Like most bustling capitals, Dakar has its fair share of iconic features: the yellow and blue Car Rapides ferrying locals up and down the peninsula; the battered orange and black taxis cannily using pavements and football pitches as shortcuts; corner stores (known as boutiques) doubling up as morning sandwich shops. Each plays a clear role in the day-to-day lives of Dakar’s 3.5 million residents, but one of the region’s idiosyncrasies is shrouded in mystery: the distinctive hand-painted barbershop signs.
The barber’s pole is one of the most recognisable trade signs in the world. With a history dating back to the Middle Ages – when different poles were needed to distinguish between barbers and surgeons – the red and white helix (red, white and blue in the US) is a mainstay on high streets across the world, helping to attract customers and provide publicity on crowded streets. In Dakar, barbers’ signs could not be more different.
Dakar’s barbers are found in every neighbourhood in every district. Some are no more than curtained kiosks or a seat and mirror on the street, others are brick-and-mortar shops with glass windows and electricity. They all invariably feature at least one hand-painted sign announcing their status as a Salon de Coiffure, whilst also depicting a variation on a theme: a side profile of man boasting a sharp haircut and dressed in an even sharper suit-tie combination. The striking similarities suggest a sole origin.

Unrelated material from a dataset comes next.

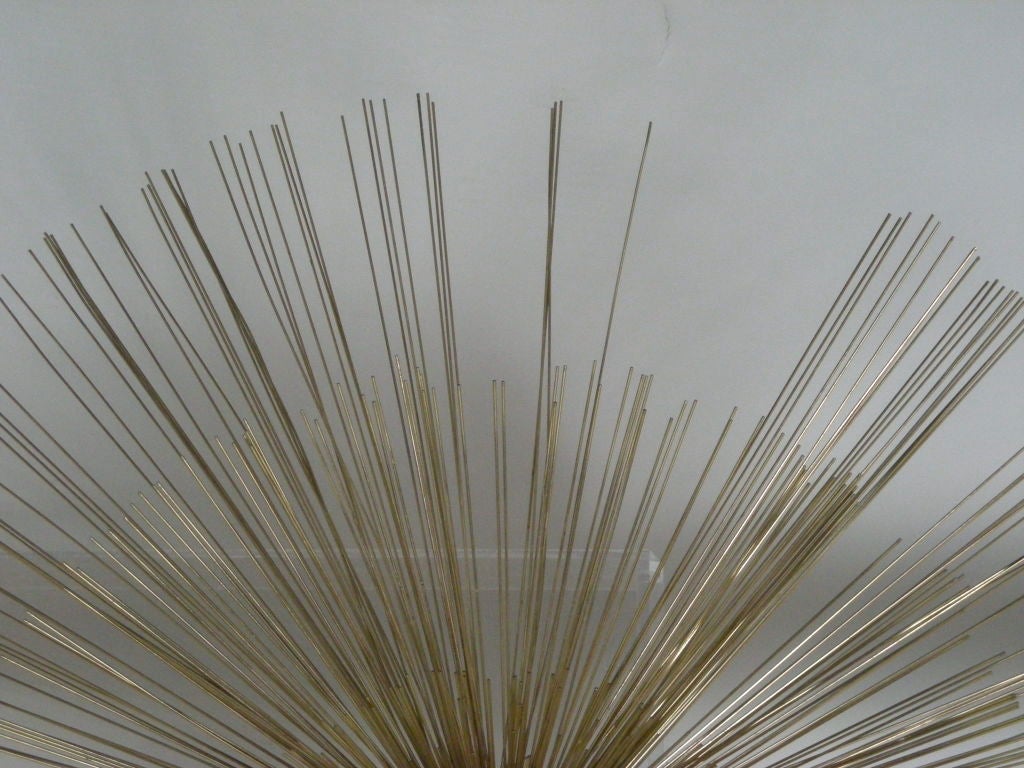 LARGE  CURTIS JERE STARBURST BRASS WIRE WALL SCULPTURE 2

Abdou stands in a floor-length maroon boubou outside Chez Barry, a barbershop in the Ouakam district, heavily laden with the distinctive profiles; profiles that he has painted. “I draw what [the barbers] want,” says the convivial Abdou with a proud grin. “Some want facial hair, glasses or a particular hairstyle. Shaved heads with stars and a Nike [tick] are very popular.”
Abdou lives in the town of Keur Massar, 15 miles and a 90-minute bus ride from central Dakar, and has been painting these signs since 1971. He creates his signs in his workshop, but frequently comes into the city to undertake commissions, with each head taking around an hour to paint and costing 1000 CFA (£1.40). He paints the faces orange as “it’s easier to see the face and add features like a chin and a nose”, but chooses the exact colour depending on the background. “For signs, I find a board, paint it white and use a darker orange. For walls or windows, I look at the background colour first” pointing to the lighter shade used on the darkened window of Chez Barry.
His work is visible across the Cap-Vert Peninsula, but, as it turns out, he’s not the only one. “There’s another guy, Jul,” Abdou says in his usual mild-mannered tone but without the grin. “I have never met him, but he sees my signs and goes and leaves his [phone] number by them.” Explaining that all his commissions are by word of mouth and that he doesn’t need to advertise, Abdou says that he’s annoyed that “people think we are the same artist. I can do any face – even famous people,” he says.
Walking around the dusty backstreets of Ngor in the north of Dakar, the differences between their work are subtly apparent in their choice of mouth, nose and eyes, but markedly different in their choice of shade, with Jul favouring yellow to Abdou’s orange. In Virage, Jul has written his number on the inside door of a barbers’ kiosk, whose owner admits to knowing both painters and having no loyalty toward either of them. He paid 4000 CFA (£5.50) for the Jul profile on his window.
Jul is sketching a commission at Chez Mamadou in Ouakam, a 10-minute walk from Chez Barry. His broad, toothy smile and paint-splattered jeans are accompanied by an energetic bop as he speaks about his work, often getting distracted by his handheld radio blaring out African jazz-ska. “I have been painting for 20 years. When I started, there was nothing. Everyone had afros and there were not many hairdressers.” He claims to be “constantly called for commissions all over Dakar” as he “is well-known by all the barbers,” before turning up the sound on his portable radio and imitating James Brown.
However, his jovial nature changes when the subject moves on to Abdou. “That old man is an imposter. I am the original,” he says, before adding that he’d been doing these paintings for at least 25 to 30 years. When discussing the differences between the two, he laughs at Abdou’s style: “He does too big noses and ties at a slant. Ties are not like that. They come down vertically from the collar.”
As personas come, Jul and Adbou are polar opposites – the bouncy hubris of a wheeler-dealer versus the mild-mannered charm of a librarian – but both take enormous pride in their work and their personal contribution to Dakar’s culture. Car Rapides, taxis and boutiques may also compete for business, but the secret rivalry behind the city’s barbershop signs leaves a mark like no other.